Il reato contestato e il doppio giudizio di merito

Nel caso di specie, all’imputato era contestato il delitto di dichiarazione fraudolenta mediante utilizzo di fatture per operazioni inesistenti ex art. 2 D.lgs. 74/2000 per aver pagato ai dipendenti somme inferiori a quelle indicate nelle buste paga e riportato l’importo per intero nel libro giornale della società.

La Corte di appello di Lecce, sezione distaccata di Taranto, confermava la sentenza con la quale il locale Tribunale  aveva condannato il prevenuto per il reato ascrittogli.

 

Il ricorso per  cassazione, il giudizio di legittimità e il principio di diritto

La difesa del giudicabile interponeva ricorso in cassazione avverso la decisione di secondo grado, articolando plurimi motivi di impugnazione.

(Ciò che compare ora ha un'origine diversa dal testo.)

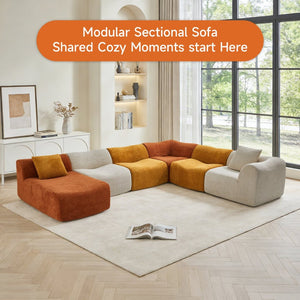 English Elm Modular Teddy Fleece Cloud Sectional Legless Sofa for Living Room Apartment W1765S00128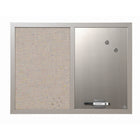 MasterVision Combo Silver Dry-Erase & Gray Fabric Bulletin Board - 18" x 24"-Combo board with magnetic dry-erase and fabric bulletin board surfaces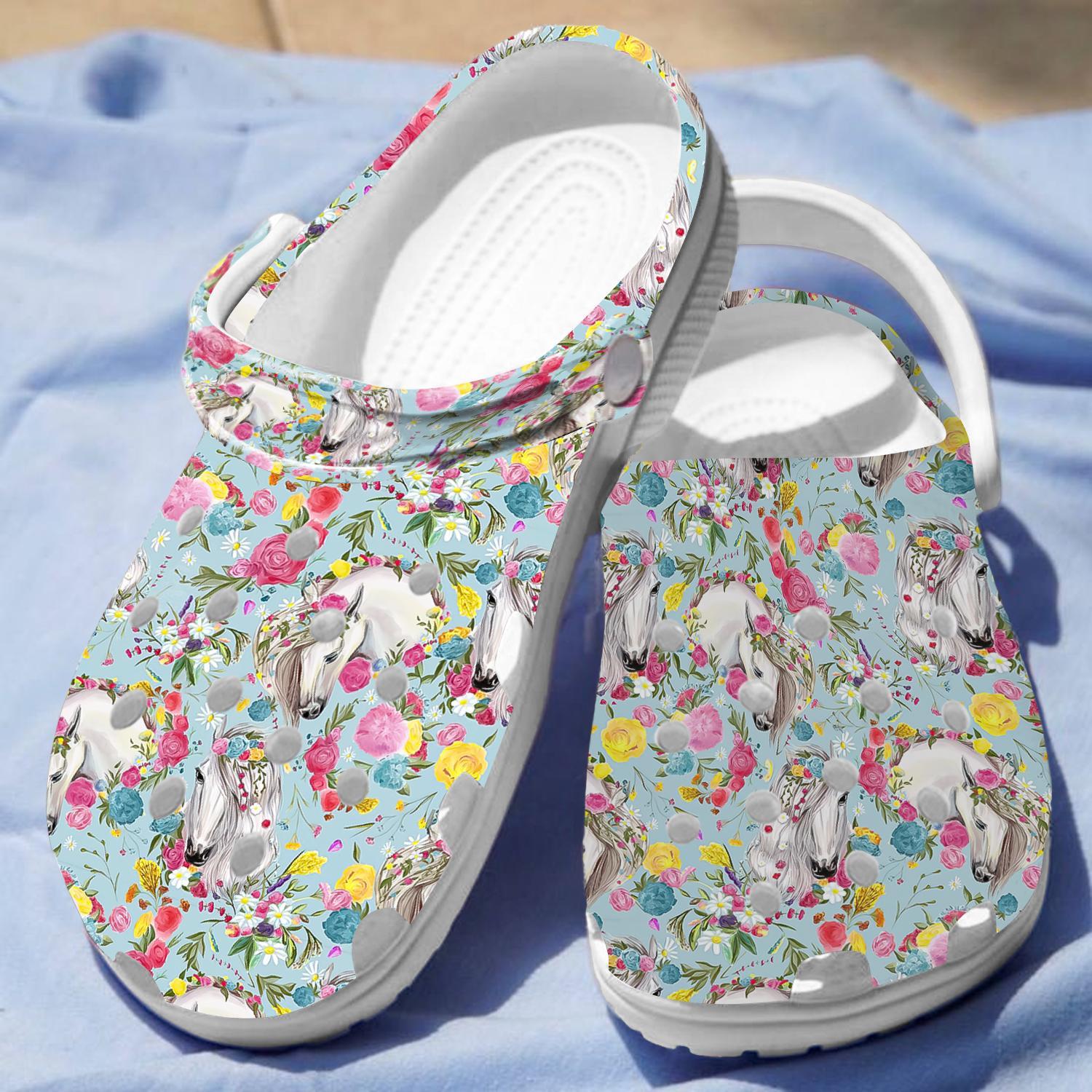 Merchidea White Horse Floral Crocs Crocband Clogs Shoes Comfortable For Men Women and Kids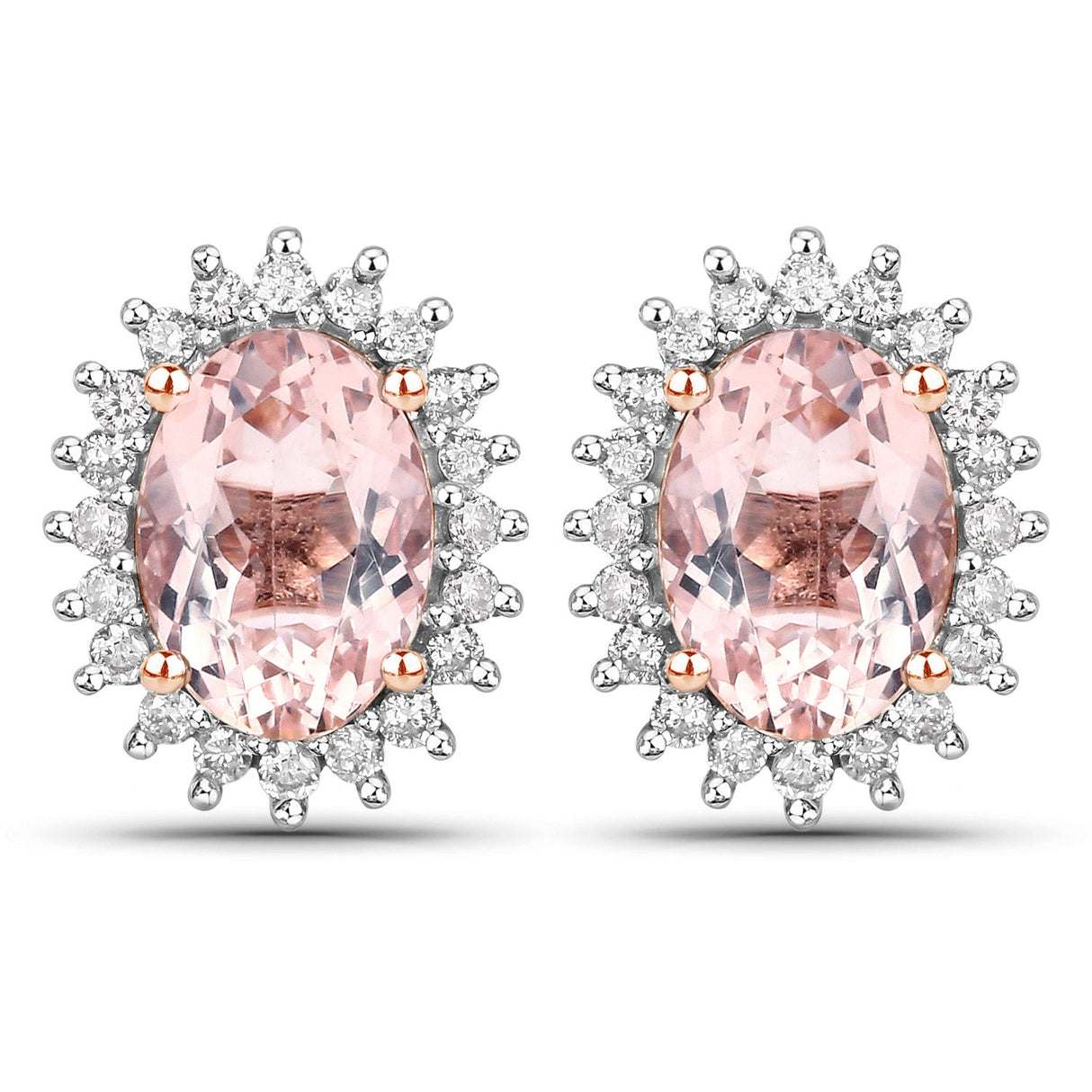 1.61 Carat Genuine Morganite and White Diamond 14K Rose Gold Earrings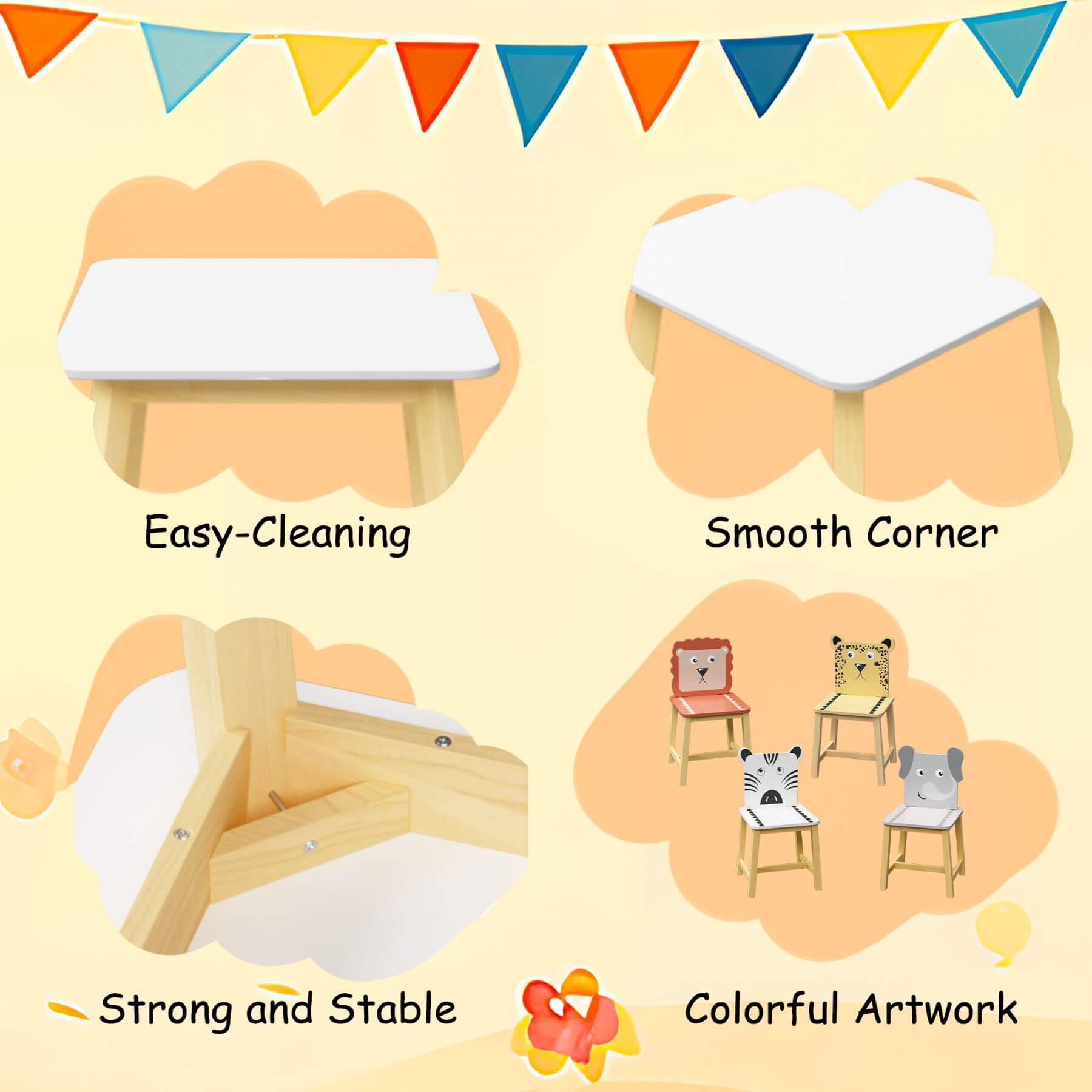 Children's furniture with features highlighted on a yellow background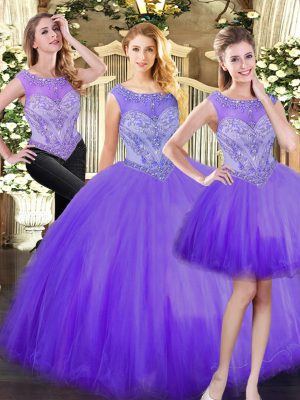 Floor Length Eggplant Purple Quinceanera Dresses Scoop Sleeveless Zipper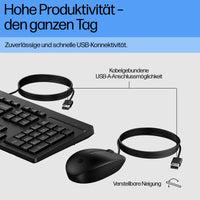 HP INC. 225 Wired Mouse and Keyboard Combo (AX2Y7AA) - QWERTY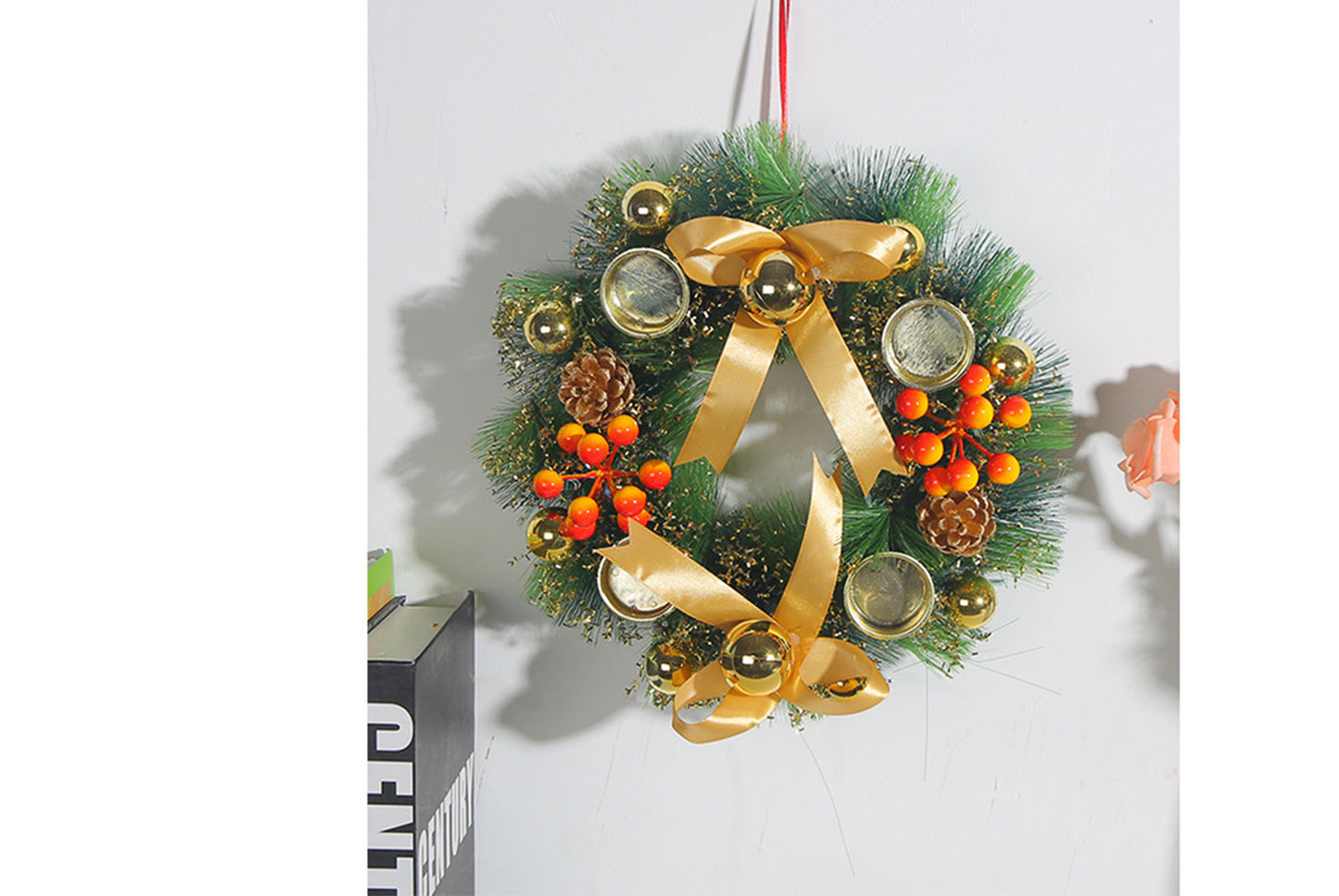 Christmas Candlestick Wreath - Simulated Pine Cone Decorative Wreath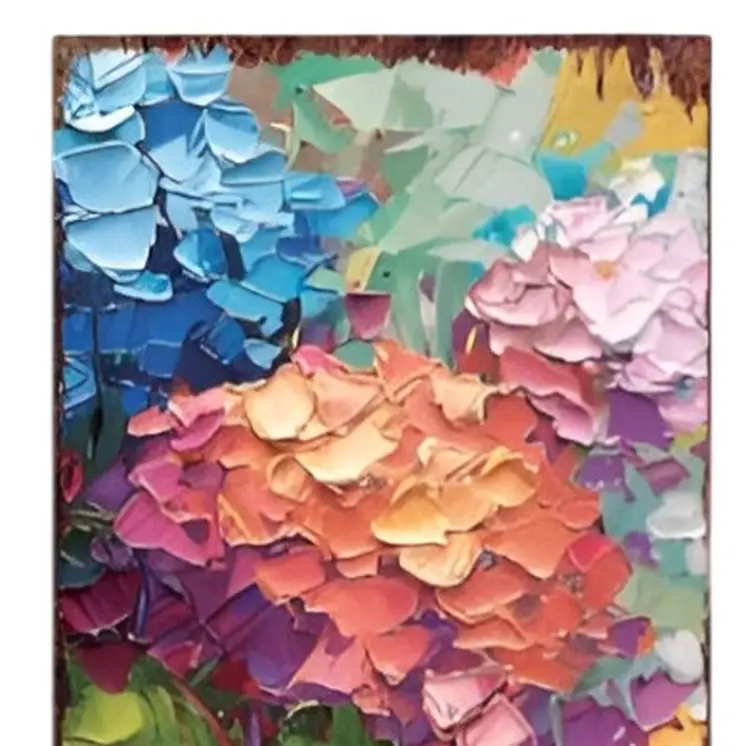 36" Blue Purple And Red Hydrangeas Solid Wood Porch Sign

Ai fini del presente commento, riveste particolare interesse il censurato vizio di legge impingente la materialità del reato ex art. 2 D.lgs. 74/2000, in ragione del mancato utilizzo delle buste paga dei dipendenti in sede di presentazione delle dichiarazioni dei redditi della società – laddove nel caso di specie, piuttosto si sarebbe potuta ravvisare la fattispecie di dichiarazione fraudolenta mediante altri artifici ex art. 3 D.lgs. 74/2000.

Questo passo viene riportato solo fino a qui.